In both calls, status can be used to get information about the completed operation.

Other variations of MPI_Test and MPI_Wait can be used to check on multiple operations.

  • MPI_Testany(count, array_of_requests, index, flag, status)
    Tests for completion of any of the operations specified by the group of operations (array_of_requests) of length count. flag is true if one operation has completed, and the argument index has the index of the operation that completed in the group list.

  • MPI_Waitany(count, array_of_requests, index, status)
    Returns if any one of the operations specified by the group of operations (array_of_requests) of length count has completed. It blocks if none of them has completed.

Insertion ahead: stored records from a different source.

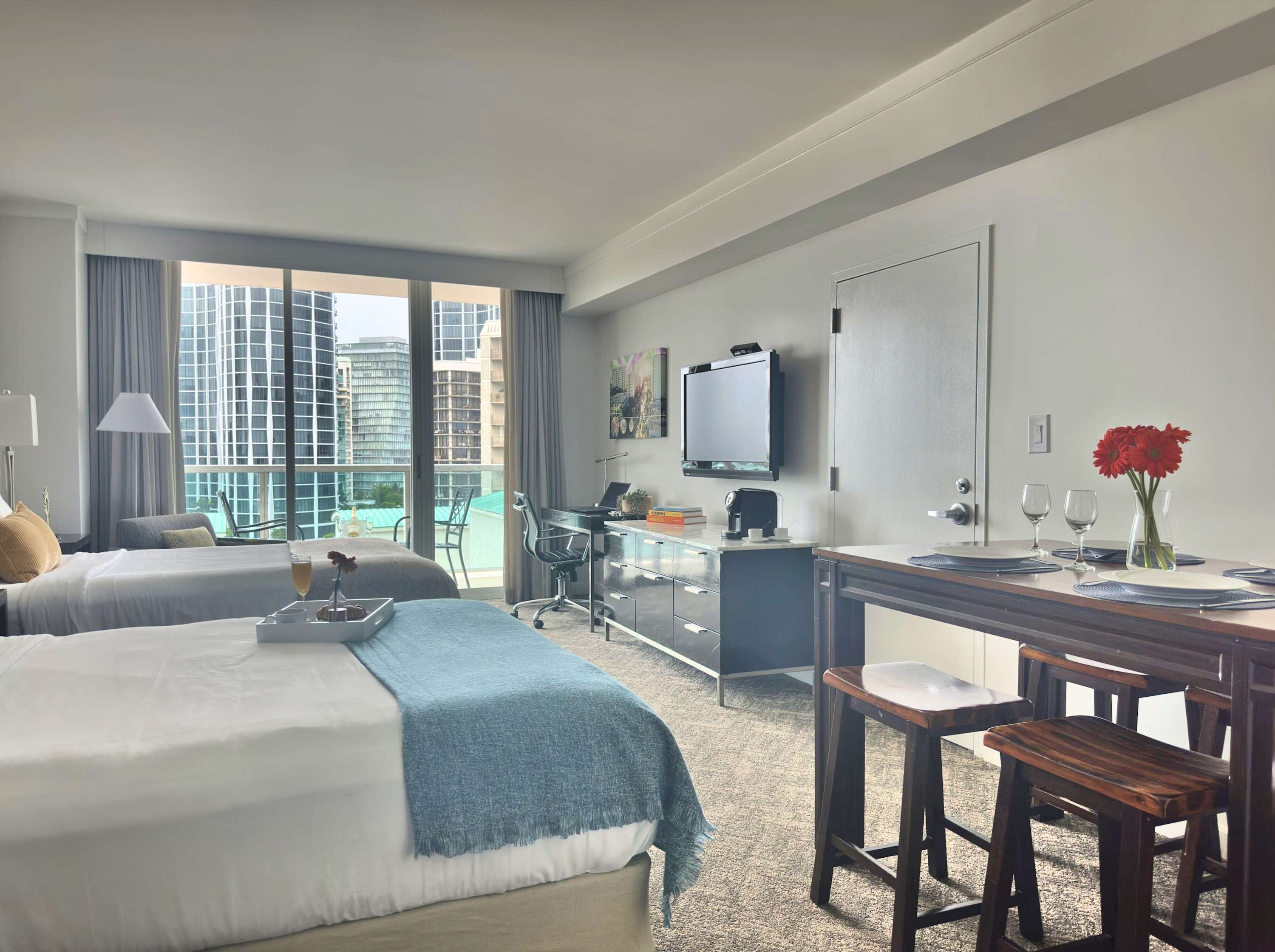 A spacious studio room with two beds, a high dining table with stools, and a dedicated workspace with a desk and chair, all facing a large window offering views of surrounding city buildings.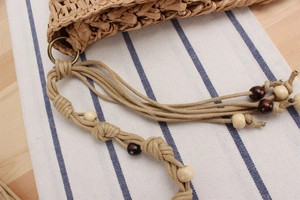 Detail of hand-woven straw bag with bronze metal rings and decorative wooden beads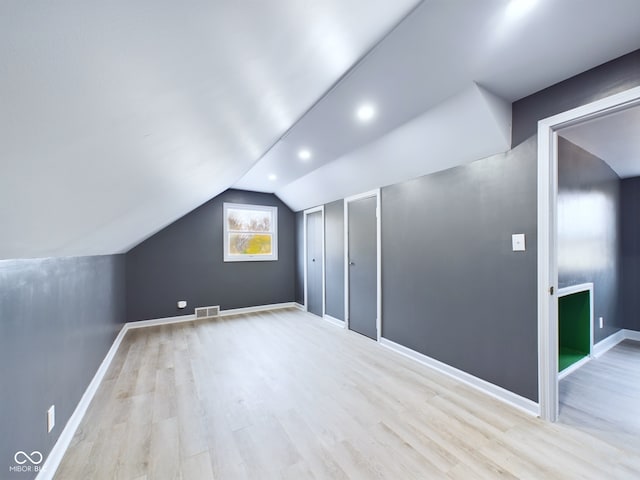 bonus room featuring light wood-type flooring and lofted ceiling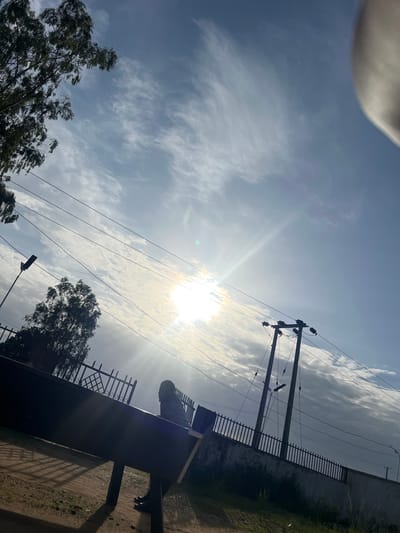 The image shows a bright, sunny day in Ban, Nigeria, with the sun shining strongly through a partly cloudy sky. The sun's rays create a lens flare effect. In the foreground, a person is partially visible, appearing to be standing near a dark, rectangular structure with legs, possibly a bench or table. The person is silhouetted against the bright sky and is wearing dark clothing. A dark fence with a patterned grill runs along the right side of the frame, separating the area from a patch of grass and dirt. Power lines and a utility pole are prominent in the sky, stretching across the frame. In the background, trees with green foliage are visible on the left and right sides of the image. The overall scene suggests an outdoor environment, possibly a park or a residential area, during daylight hours. The weather appears to be warm and clear, despite the presence of some clouds. No visible text is present in the image.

  • MPI_Testall(count, array_of_requests, flag, array_of_statuses)
    Tests for all operations in the group array_of_requests. Upon return, flag is true only if all operations are completed; otherwise it is false.

  • MPI_Waitall(count, array_of_requests, array_of_statuses)
    Blocks waiting for all operations in the group array_of_requests to complete. This call has the same effect as looping on a call to MPI_Wait for every request in the group.

  • MPI_Waitall(count, array_of_requests, array_of_statuses)
    Blocks waiting for all operations in the group array_of_requests to complete. This call has the same effect as looping on a call to MPI_Wait for every request in the group.

There are also MPI_Waitsome and MPI_Testsome, which work in a similar way except they wait or test for some operations in the group.